Purification of AK-TNFα and AK-T-TNFα by Blue-Sepharose column

After IPTG induction, the cells were collected by centrifugation at 4000 g for 20 min at 4°C. The cell pellet was resuspended in 20 ml of buffer A (20 mM Tris-HCl, pH 7.4, 1 mM MgCl2) and then lysed by sonication. Cell debris was removed by centrifugation at 16900 g for 20 min at 4°C. Protein purification was carried out using an AKTA-Prime purification system (GE Healthcare). About 80 mg of cleared cell lysate was used as a starting material and passed through a 1 ml HiTrap Blue HP (Blue-Sepharose) column (GE Healthcare) pre-equilibrated with 20 Column volumes (CVs) of buffer A. After sample loading, 10 CVs buffer A was added to wash off weakly bound proteins until OD280 detection declined to near baseline. The AK-TNFα and AK-T-TNFα fusion protein was eluted with a 20 CVs buffer B (20 mM Tris-HCl, pH 7.4, 50μM Ap5A, 1mM MgCl2). The flow rate was maintained at 1 ml/min throughout the purification [26, 27].
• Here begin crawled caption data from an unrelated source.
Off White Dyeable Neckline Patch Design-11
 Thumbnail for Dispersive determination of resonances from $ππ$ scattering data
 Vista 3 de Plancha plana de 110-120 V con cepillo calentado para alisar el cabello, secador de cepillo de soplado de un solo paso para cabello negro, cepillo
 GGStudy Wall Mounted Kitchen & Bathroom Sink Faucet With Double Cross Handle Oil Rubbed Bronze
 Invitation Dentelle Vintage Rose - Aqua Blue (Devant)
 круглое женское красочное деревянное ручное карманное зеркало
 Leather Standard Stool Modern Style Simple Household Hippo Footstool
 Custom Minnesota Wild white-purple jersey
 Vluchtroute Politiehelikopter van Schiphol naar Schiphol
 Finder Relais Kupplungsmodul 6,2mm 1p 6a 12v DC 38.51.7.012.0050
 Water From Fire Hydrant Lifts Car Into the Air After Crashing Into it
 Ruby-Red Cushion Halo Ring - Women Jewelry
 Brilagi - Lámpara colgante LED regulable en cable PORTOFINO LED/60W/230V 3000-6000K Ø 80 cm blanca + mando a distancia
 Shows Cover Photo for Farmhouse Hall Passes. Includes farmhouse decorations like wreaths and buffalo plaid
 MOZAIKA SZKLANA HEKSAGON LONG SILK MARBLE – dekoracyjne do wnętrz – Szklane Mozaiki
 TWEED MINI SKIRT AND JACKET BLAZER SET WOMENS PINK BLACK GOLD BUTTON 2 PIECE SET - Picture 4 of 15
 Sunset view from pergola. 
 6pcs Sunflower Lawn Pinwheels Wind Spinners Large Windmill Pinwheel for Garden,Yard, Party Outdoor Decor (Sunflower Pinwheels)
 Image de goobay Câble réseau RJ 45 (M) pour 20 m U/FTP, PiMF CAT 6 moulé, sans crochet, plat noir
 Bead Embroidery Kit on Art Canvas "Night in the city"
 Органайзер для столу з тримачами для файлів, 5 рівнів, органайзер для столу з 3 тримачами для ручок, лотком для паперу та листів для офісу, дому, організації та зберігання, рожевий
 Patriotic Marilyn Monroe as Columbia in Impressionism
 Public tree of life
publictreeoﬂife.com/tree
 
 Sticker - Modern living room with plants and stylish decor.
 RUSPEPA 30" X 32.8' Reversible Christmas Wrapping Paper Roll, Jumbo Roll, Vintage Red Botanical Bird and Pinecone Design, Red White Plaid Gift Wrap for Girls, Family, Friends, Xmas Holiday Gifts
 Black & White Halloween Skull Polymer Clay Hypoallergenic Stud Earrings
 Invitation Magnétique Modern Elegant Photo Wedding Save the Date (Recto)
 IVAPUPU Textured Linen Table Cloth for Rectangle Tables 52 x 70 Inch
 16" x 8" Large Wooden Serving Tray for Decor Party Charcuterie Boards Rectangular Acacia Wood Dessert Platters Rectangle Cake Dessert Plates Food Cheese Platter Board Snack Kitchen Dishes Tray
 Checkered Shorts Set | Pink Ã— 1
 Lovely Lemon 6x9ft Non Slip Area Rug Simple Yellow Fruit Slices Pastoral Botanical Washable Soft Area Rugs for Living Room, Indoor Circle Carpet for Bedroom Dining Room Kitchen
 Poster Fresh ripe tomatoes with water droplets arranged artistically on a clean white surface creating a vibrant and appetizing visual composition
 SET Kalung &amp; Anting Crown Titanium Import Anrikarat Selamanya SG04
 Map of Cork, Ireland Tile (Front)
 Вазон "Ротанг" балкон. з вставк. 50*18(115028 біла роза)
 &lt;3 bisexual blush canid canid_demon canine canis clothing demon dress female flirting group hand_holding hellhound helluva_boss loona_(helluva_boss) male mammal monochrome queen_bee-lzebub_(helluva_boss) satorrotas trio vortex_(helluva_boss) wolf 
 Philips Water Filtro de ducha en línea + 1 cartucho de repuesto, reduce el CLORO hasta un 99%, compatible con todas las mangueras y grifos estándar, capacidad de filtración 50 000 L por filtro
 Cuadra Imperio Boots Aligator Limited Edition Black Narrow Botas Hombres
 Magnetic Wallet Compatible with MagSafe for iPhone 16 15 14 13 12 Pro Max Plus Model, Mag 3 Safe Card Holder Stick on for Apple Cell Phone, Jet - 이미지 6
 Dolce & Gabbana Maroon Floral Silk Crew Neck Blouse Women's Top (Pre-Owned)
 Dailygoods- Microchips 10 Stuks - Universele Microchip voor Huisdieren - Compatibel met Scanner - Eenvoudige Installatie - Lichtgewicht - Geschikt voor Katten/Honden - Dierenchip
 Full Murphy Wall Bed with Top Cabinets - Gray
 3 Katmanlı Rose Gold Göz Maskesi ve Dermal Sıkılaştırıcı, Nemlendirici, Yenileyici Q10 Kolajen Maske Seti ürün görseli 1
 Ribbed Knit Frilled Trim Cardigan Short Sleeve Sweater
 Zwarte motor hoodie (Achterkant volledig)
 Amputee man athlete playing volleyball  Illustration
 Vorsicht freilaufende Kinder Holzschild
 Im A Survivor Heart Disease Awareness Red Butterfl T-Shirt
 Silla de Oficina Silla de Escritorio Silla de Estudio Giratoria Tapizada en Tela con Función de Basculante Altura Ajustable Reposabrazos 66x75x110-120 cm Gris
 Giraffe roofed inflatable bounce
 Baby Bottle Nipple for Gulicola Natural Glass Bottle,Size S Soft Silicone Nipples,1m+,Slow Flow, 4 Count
Purification of cleaved human TNFα by Ni-NTA Column

AK-T-TNFα eluted from Blue-Sepharose column was passed through a Ni-NTA column (GE Healthcare) which was pre-equilibrated with 15 CVs of buffer C (20 mM Tris-HCl, pH 7.4, 500 mM NaCl, 5 mM imidazole). After washing off weakly bound contaminating proteins with 15 CVs of buffer C until OD280 declined to near the baseline, another 15 CVs of buffer D (20 mM Tris-HCl, pH 8.4, 150 mM NaCl, 2.5 mM CaCl2) was passed through the column. In-column thrombin digestion was initiated after passing 1.5 ml thrombin (9U in buffer D) and kept at the room temperature for 20 h. The column was washed with 10 CVs of buffer D followed by elution of the cleaved human TNFα with 10 CVs of buffer C. The His-tagged AK was finally eluted with a 15 CVs linear-gradient of 5–500 mM imidazole in buffer E (20 mM Tris-HCl, pH 7.4, 500 mM NaCl, 500 mM imidazole).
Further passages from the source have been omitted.